Lane Closures Begin on Veterans Memorial Highway in Islip for Resurfacing Work
A stretch of Vets Highway carrying up to 75,000 vehicles a day is now down to one lane each direction on weekdays through mid-May.

The stretch of Veterans Memorial Highway that funnels up to 75,000 vehicles a day through central Islip is now running one lane in each direction on weekdays, as state crews conduct asphalt resurfacing work that is scheduled to continue through approximately May 18.
NYSDOT Region Long Island launched the work zone Monday, April 6, on the segment of State Route 454 between Wheeler Road (State Route 111) and the Long Island Expressway. The restriction: one lane in each direction closed on weekdays from 10 a.m. to 3 p.m. for roughly six weeks, weather permitting, according to the traveler advisory issued April 2 by the New York State Department of Transportation. Stephen Canzoneri of NYSDOT is listed as the project contact. Electronic message signs have been deployed along the corridor, and the agency explicitly reminded drivers to slow down and give space to highway workers inside the zone.
The five-hour midday window is designed to sidestep peak commuter traffic, but it lands squarely on delivery drivers, service technicians, tradespeople, and shift workers who cannot flex their schedules. Route 454 carries a notable share of truck freight, and even partial lane restrictions at one of Suffolk County's most congested east-west junctions create compounding pressure at the Wheeler Road approach, where Route 111 alone logs approximately 18,876 vehicles per day. The corridor's AADT ranges from roughly 22,000 vehicles in lighter-load segments to more than 75,000 in the busiest stretches, which makes a six-week midday closure consequential in ways a simple detour sign cannot fully absorb.
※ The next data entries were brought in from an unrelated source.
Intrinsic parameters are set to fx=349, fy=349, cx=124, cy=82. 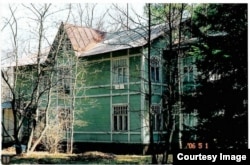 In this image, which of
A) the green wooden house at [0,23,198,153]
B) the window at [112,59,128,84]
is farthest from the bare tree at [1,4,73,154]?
the window at [112,59,128,84]

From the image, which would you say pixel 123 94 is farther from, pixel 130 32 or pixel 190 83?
pixel 190 83

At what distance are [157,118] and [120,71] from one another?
4.31 ft

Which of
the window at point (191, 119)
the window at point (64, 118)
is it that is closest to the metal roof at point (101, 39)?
the window at point (64, 118)

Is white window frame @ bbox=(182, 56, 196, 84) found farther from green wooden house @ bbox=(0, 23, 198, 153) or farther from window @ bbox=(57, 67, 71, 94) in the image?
window @ bbox=(57, 67, 71, 94)

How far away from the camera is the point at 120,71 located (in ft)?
24.7

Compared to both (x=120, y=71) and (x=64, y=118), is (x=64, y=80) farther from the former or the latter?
(x=120, y=71)

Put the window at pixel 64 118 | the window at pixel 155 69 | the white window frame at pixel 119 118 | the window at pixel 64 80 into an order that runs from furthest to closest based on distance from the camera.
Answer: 1. the white window frame at pixel 119 118
2. the window at pixel 155 69
3. the window at pixel 64 118
4. the window at pixel 64 80

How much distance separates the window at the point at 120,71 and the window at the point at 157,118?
0.90 metres

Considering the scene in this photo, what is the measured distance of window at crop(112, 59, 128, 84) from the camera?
24.1 ft

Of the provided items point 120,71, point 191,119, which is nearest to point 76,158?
point 191,119

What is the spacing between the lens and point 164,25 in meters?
6.68

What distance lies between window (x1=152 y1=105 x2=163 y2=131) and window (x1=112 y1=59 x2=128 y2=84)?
2.94 ft

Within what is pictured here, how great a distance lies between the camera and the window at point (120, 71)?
7352mm

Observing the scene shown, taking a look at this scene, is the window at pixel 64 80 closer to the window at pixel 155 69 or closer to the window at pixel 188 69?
the window at pixel 155 69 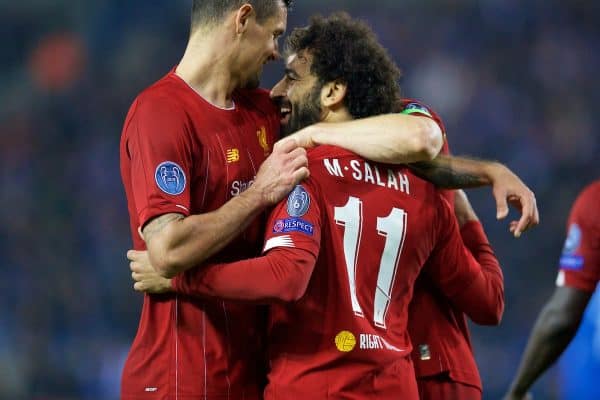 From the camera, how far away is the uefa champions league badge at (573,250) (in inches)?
157

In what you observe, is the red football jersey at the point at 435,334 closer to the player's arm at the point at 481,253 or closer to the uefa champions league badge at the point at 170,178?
the player's arm at the point at 481,253

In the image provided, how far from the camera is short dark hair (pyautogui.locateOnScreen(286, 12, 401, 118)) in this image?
3157mm

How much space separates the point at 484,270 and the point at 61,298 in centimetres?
549

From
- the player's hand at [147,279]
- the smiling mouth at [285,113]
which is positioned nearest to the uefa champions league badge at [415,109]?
the smiling mouth at [285,113]

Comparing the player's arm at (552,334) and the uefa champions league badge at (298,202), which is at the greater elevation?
the uefa champions league badge at (298,202)

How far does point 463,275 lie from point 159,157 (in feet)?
3.64

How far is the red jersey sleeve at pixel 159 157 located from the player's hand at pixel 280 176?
0.23 m

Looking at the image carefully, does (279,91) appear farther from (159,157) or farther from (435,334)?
(435,334)

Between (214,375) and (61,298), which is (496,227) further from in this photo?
(214,375)

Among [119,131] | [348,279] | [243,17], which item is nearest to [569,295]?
[348,279]

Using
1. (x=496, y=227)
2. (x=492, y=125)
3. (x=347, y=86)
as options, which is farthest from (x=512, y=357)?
(x=347, y=86)

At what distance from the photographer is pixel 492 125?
30.2ft

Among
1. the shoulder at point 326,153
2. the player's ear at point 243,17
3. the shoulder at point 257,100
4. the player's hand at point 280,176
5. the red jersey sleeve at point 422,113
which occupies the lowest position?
the player's hand at point 280,176

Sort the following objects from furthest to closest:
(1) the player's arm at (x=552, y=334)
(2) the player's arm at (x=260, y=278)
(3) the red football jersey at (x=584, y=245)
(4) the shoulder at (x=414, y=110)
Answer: (1) the player's arm at (x=552, y=334) < (3) the red football jersey at (x=584, y=245) < (4) the shoulder at (x=414, y=110) < (2) the player's arm at (x=260, y=278) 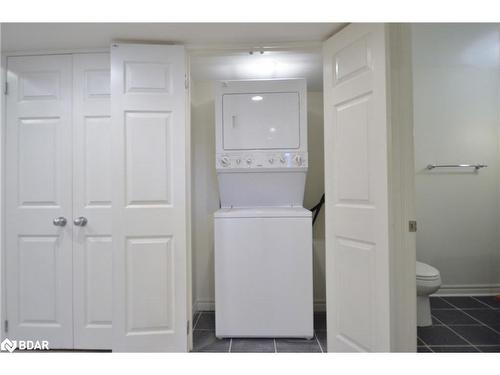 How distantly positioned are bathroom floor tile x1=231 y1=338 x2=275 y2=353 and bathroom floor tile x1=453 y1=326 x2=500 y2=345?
5.10 feet

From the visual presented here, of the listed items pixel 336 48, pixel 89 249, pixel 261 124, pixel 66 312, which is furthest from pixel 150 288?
pixel 336 48

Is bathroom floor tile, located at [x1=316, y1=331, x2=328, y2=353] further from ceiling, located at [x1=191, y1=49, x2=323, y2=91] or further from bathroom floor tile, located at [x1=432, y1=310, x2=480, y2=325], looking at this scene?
ceiling, located at [x1=191, y1=49, x2=323, y2=91]

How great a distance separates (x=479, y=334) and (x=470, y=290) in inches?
27.6

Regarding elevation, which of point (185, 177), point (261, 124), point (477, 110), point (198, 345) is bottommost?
point (198, 345)

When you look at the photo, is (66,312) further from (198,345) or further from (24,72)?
(24,72)

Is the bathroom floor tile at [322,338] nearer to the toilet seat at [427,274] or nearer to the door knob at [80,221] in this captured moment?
the toilet seat at [427,274]

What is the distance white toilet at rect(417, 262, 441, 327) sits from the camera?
2170mm

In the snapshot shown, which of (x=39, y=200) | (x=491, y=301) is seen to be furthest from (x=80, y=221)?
(x=491, y=301)

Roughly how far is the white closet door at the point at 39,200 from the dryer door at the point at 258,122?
125cm

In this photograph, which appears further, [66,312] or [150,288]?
[66,312]

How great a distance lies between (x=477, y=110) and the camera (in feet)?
8.79

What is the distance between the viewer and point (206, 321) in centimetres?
253

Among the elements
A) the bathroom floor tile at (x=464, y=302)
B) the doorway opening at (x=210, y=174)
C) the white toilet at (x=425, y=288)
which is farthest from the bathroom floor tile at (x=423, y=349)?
the bathroom floor tile at (x=464, y=302)

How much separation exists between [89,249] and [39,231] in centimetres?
40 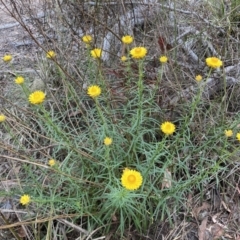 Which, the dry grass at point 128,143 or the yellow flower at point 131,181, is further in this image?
the dry grass at point 128,143

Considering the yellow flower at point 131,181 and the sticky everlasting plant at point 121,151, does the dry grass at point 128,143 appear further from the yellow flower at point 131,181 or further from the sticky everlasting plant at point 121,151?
the yellow flower at point 131,181

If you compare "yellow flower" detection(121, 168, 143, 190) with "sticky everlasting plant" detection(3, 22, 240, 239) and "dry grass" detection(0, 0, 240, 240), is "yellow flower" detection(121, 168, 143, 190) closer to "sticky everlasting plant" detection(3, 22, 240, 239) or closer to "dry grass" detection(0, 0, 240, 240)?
"sticky everlasting plant" detection(3, 22, 240, 239)

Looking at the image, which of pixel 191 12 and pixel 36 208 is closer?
pixel 36 208

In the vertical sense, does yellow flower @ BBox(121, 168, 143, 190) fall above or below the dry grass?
above

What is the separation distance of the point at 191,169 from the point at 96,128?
0.53 m

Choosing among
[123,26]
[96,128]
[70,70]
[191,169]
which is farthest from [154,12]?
[191,169]

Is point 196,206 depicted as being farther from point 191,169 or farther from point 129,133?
point 129,133

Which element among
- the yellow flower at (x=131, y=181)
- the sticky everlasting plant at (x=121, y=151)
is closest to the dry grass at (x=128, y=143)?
the sticky everlasting plant at (x=121, y=151)

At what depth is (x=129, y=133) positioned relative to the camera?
175 cm

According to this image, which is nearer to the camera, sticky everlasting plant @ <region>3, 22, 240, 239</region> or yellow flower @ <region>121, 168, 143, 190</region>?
yellow flower @ <region>121, 168, 143, 190</region>

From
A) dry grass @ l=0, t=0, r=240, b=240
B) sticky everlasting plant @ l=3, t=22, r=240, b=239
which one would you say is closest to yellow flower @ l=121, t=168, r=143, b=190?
sticky everlasting plant @ l=3, t=22, r=240, b=239

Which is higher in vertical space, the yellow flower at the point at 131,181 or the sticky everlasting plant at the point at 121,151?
the yellow flower at the point at 131,181

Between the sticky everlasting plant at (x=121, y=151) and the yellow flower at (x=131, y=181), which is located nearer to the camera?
the yellow flower at (x=131, y=181)

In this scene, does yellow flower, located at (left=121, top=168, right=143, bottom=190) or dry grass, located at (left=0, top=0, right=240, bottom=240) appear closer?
yellow flower, located at (left=121, top=168, right=143, bottom=190)
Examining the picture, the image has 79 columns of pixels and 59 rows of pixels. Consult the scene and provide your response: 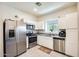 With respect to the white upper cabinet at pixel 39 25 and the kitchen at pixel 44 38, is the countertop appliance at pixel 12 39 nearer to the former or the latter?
the kitchen at pixel 44 38

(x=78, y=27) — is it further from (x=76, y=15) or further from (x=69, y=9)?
(x=69, y=9)

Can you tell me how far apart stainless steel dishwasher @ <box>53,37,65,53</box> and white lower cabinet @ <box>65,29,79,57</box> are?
0.23 meters

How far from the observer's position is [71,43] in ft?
10.4

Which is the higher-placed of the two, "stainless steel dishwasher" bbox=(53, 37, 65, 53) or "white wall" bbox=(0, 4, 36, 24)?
"white wall" bbox=(0, 4, 36, 24)

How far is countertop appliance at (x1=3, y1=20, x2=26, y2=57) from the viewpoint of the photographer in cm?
289

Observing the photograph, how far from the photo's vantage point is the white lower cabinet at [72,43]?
302 centimetres

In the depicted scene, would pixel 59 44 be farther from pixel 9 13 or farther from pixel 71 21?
pixel 9 13

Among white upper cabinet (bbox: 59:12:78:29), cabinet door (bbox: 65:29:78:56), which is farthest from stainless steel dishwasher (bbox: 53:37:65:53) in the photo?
white upper cabinet (bbox: 59:12:78:29)

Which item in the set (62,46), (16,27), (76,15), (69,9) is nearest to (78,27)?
(76,15)

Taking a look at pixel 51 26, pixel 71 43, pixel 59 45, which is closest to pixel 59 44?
pixel 59 45

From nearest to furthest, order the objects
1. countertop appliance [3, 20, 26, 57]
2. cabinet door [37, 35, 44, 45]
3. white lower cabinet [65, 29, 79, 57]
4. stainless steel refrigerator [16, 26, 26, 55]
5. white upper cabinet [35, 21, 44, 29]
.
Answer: countertop appliance [3, 20, 26, 57], white lower cabinet [65, 29, 79, 57], stainless steel refrigerator [16, 26, 26, 55], cabinet door [37, 35, 44, 45], white upper cabinet [35, 21, 44, 29]

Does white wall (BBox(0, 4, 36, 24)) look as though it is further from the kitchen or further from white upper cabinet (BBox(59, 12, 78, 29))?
white upper cabinet (BBox(59, 12, 78, 29))

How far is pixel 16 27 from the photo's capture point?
3293 millimetres

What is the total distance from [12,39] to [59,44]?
7.49ft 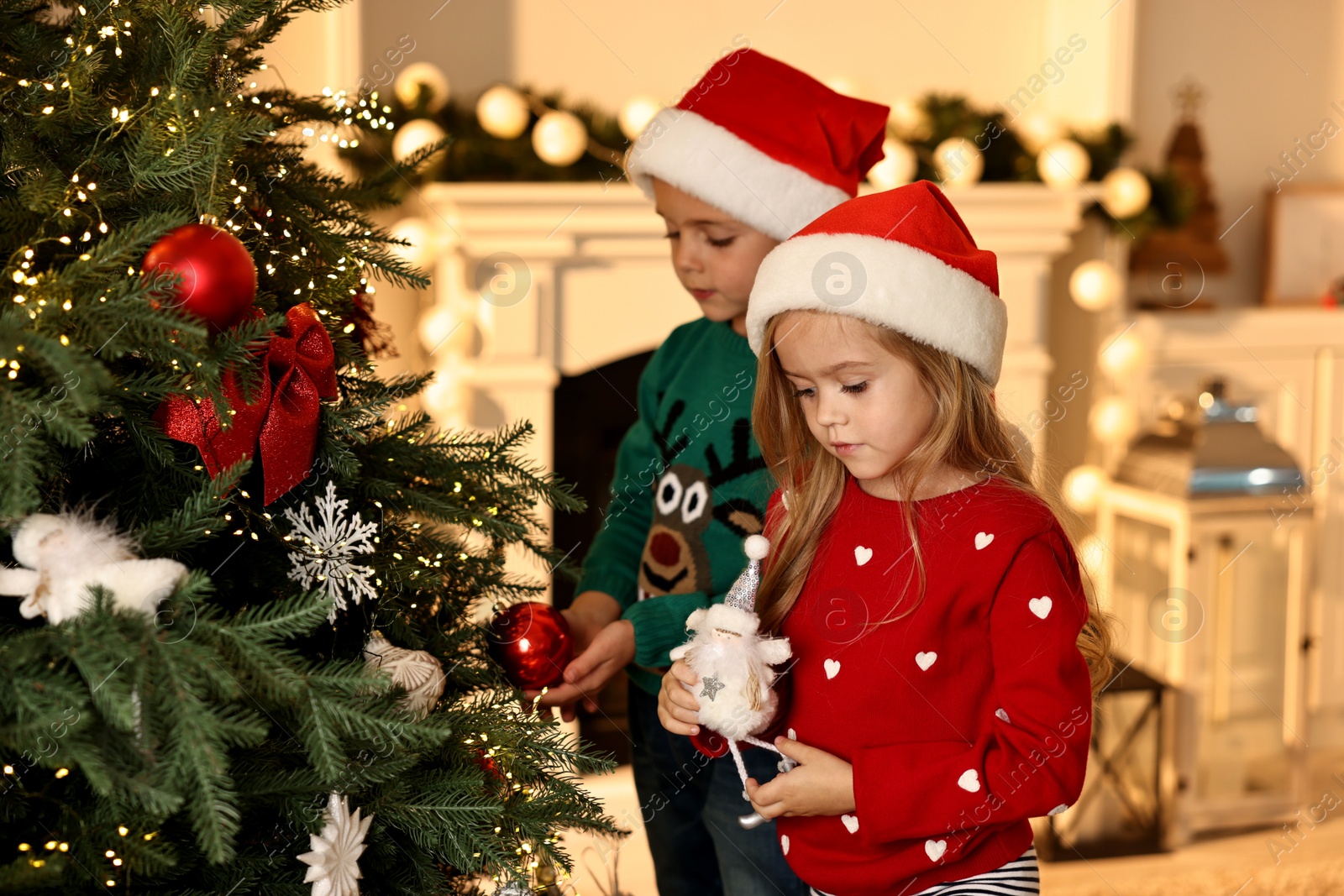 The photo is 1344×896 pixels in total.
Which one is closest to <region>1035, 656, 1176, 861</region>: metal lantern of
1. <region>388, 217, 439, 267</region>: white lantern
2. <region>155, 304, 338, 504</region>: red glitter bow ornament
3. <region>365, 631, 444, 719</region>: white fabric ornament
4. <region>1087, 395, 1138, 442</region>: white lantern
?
<region>1087, 395, 1138, 442</region>: white lantern

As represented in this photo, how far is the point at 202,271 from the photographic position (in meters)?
0.68

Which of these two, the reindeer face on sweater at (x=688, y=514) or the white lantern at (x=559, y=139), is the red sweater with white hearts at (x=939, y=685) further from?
the white lantern at (x=559, y=139)

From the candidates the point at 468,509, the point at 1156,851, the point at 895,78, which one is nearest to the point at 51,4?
the point at 468,509

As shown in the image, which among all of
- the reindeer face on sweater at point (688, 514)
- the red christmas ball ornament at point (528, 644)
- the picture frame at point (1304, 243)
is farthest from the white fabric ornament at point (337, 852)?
the picture frame at point (1304, 243)

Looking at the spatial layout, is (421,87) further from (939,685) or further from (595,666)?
(939,685)

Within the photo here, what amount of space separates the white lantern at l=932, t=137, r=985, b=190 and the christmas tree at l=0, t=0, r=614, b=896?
173cm

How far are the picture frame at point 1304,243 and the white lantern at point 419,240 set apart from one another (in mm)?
2195

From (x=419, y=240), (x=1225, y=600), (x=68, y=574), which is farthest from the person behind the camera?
(x=1225, y=600)

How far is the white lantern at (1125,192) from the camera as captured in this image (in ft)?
8.46

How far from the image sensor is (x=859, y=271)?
942mm

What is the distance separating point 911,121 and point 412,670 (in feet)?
6.91

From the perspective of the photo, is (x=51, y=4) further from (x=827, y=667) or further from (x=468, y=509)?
(x=827, y=667)

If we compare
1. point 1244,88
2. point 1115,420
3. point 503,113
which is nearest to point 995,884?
point 503,113

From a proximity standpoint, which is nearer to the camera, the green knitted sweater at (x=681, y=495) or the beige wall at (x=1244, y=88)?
the green knitted sweater at (x=681, y=495) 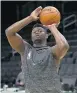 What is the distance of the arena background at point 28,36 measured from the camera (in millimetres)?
12633

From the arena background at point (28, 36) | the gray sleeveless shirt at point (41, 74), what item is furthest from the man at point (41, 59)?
the arena background at point (28, 36)

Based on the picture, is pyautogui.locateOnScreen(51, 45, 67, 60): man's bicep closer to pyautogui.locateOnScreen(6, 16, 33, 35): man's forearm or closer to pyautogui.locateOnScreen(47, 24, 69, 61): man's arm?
pyautogui.locateOnScreen(47, 24, 69, 61): man's arm

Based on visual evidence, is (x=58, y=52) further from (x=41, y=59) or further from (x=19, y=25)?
(x=19, y=25)

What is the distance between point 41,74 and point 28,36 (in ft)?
44.8

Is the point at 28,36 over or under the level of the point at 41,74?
under

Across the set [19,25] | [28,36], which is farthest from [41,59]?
[28,36]

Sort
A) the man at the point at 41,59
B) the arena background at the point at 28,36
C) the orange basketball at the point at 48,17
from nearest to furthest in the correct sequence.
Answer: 1. the man at the point at 41,59
2. the orange basketball at the point at 48,17
3. the arena background at the point at 28,36

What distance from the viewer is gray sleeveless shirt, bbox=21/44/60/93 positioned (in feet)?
13.2

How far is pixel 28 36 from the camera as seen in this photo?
17.7 meters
For the next six weeks, timing is the most practical tool available. The work zone lifts every afternoon at 3 p.m., so drivers with any schedule flexibility should aim to travel the Route 454 corridor before 10 a.m. or after 3 p.m. to bypass the restrictions entirely. Those locked into midday trips between Wheeler Road and the LIE interchange should monitor the electronic message signs before entering the segment and budget additional travel time, particularly near the Route 111 intersection where lane merge queues are likeliest to develop.
What NYSDOT has not yet publicly laid out: a specific pavement quality standard the finished surface must meet before lanes are restored, a measurable benchmark for how the agency will assess delay reduction once construction wraps, or a formal contingency plan if repeated weather delays push the six-week window past Memorial Day weekend, when LIE volumes surge. Those details matter not just to commuters, but to emergency responders: ambulances serving central Islip's residential neighborhoods and the commercial corridors flanking Route 454 use this segment as a primary throughway, and construction-zone slowdowns between Wheeler Road and the expressway add minutes that do not exist on paper.
The road at the center of this project carries more than traffic. The Suffolk County Department of Public Works designed and built the original expressway in 1949 at a cost of $1.4 million, roughly $18.9 million in 2025 dollars. On April 30, 1949, officials formally agreed to name the 13.67-mile corridor in honor of Suffolk County war veterans, running it east-west from Jericho Turnpike in Commack through central Suffolk to the LIE interchange in the Islip-Hauppauge area. That origin makes the highway more than infrastructure; it is a civic monument that has carried the county's population, now 1.5 million residents across 912 square miles, for more than 75 years.
NYSDOT frames the resurfacing as a routine pavement investment that will extend roadway life and improve ride quality. The agency will post updates to its regional social media channels and official website. The work on Vets Highway is set to continue through mid-May, contingent on the weather that, more than once already this spring, has rearranged schedules across Long Island.